Åbo Akademi University in Vasa, home of the Programme in Peace, Mediation and Conflict Research, will co-organize with the Center for Global Nonkilling, its fourth international “Explorations in Peace & Conflict Research” conference on March 18-19, 2019 focusing on the topic “Nonmilitarisation and Countries Without Armies. The conference is organized with the collaboration of the Åland Islands Peace Institute (Ålands fredsinstitut) and the Swiss NGO APRED participative institute for the progress of peace and will take place at Åbo Akademi in Vasa, Finland. Admission is free, prior registration, which can be done sending an email to info [at] nonkilling [dot] org

The absence of armies may be surprising in countries where they are deemed to be indispensable for national identity, social control, defense, and offense (Paige, 2002). However, the continuing existence of countries without armies and demilitarized territories throughout the world demonstrates the possibility of  nonmilitary statehood: nonkilling nations are not unthinkable. The topic of this conference follows up on the 2013 book Nonkilling Security and the State developed by CGNKs Nonkilling Security Research Committee and seeks to create an opportunity for further developing its discussions through new evidence and arguments offered by presenters from Costa Rica, Switzerland, Lesotho, South Africa, USA, Spain and the Åland Islands.

The event will start out on March 18 with welcoming words by Prof. Kaj Björkqvist (Åbo Akademi) and CGNK Director Joám Evans Pim and a opening address by the Dean of the University for Peace (an international treaty body organization mandated by the UN) Prof. Juan Carlos Sainz-Borgo.

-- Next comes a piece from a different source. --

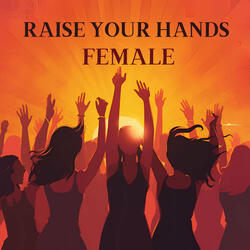 Raise Your Hands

The opening lecture will be offered on March 18 by Christophe Barbey, UN Representative in Geneva for the Center for Global Nonkilling and one of the founders of APRED participative institute for the progress of peace where he presently works as a coordinator and head of research. Christophe is specialist in peace policies and infrastructures and a leading expert on countries without armies, having published widely on the subject: Nonmilitarization: countries without armies. Identification criteria and first findings (Mariehamn, 2016); “Nonmilitarisation and Countries without Armies. A Necessary Step toward Nonkilling Security Institutions” (in Nonkilling Security and the State, Honolulu, 2013), etc.  He also works on the place of peace in constitutions, including as an expert for the new constitution of the State of Geneva and on the links between peace and human rights: the human right to peace.

Also on March 18 a key-note lecture on “Demilitarisation as an international and regional tool: Experiences
from the Åland Islands” will be offered by Sia Spiliopoulou Åkermark, Director and Head of Research of the Åland Islands Peace Institute (Ålands fredsinstitut) and Associate Professor at the University of Uppsala. Sia has recently co-authored the book Demilitarization and International Law in Context – The Åland Islands (Routledge, 2018) and previously published Justifications of Minority Protection in International Law (Uppsala & Dordrecht, 1997) and co-authored Towards Openly Multilingual Policies and Practices Assessing Minority Language Maintenance Across Europe (Multilingual Matters, 2016). She has served for many years as member of the Advisory Committee of Experts on the Framework Convention on National Minorities of the Council of Europe and was elected as its President in 2012-2014.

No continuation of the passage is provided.